Many years have intervened, and though I have acquired a proper respect for the grayish and brownish hordes, the Catocala have always been my favorites. The wonder that excited my boyhood survived my academic training, and upon completion of the Ph.D. in 1963 (a degree, incidentally, which established my credentials as an ornithologist), I turned to these moths as research subjects. After ten years of intensive study, I am convinced that the North American Catocala moths pose some of the most interesting and challenging problems to be found in evolutionary biology. The striking design of somber forewings and boldly patterned and colorful hindwings has been extraordinarily successful, when measured in terms of the incredible diversity of these moths. There are few, if any, comparable assemblages of closely similar species anywhere in the world. Questions regarding the origin and maintenance of such diversity immediately arise, and this book attempts to shed as much light on these questions as current knowledge permits.

The book emphasizes the biology of the Catocala moths, and draws heavily on my own researches, which have been primarily behavioral and ecological.
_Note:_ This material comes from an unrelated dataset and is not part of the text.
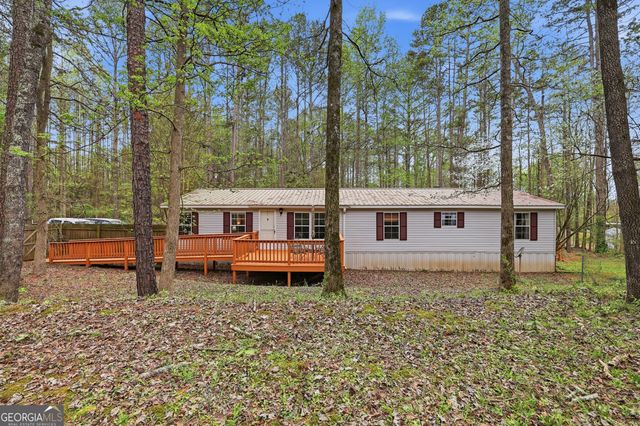 2533 McFarlin Bridge Road, Carnesville, GA 30521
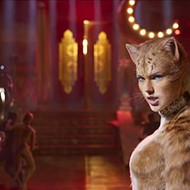 'Cats' rekindles love for the stage musical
My field experience has been confined to New England and the species of that region are dealt with in most detail, but coverage is extended to include some consideration, and illustrations, of most of the species occurring in eastern North America.

This work is in no sense a monographic or taxonomic treatise, though every effort is made to represent accurately the current status of the species and their varieties. I will generally follow the established arrangement of the species as found in the most recent checklist of North American moths (McDunnough, 1938), and will adopt the convention of placing the names of all in-frasubspecific variations (forms and aberrations) in parentheses, as opposed to the italics used for species and subspecies names. I am well aware that the naming of forms and aberrations is controversial (see e.g., Masters, 1972; Sevastopulo, 1974), and that such names have no standing in the International Code of Zoological Nomenclature. However, I believe that having names for the distinct polymorphic forms of a species is a great convenience, enabling workers to refer to these forms with single words (e.g., innubens, form "scintillans") rather than lengthy descriptive passages (e.g., "the form of innubens with a very dark contrasting area between the am and pm lines of the forewing"). Accordingly, I have suggested three new names in this book for melanic forms which have heretofore been nameless. I hope that the convenience of having these names, particularly since melanics are of considerable current interest, will outweigh the disadvantage of adding to the already cumbersome Catocala nomenclature.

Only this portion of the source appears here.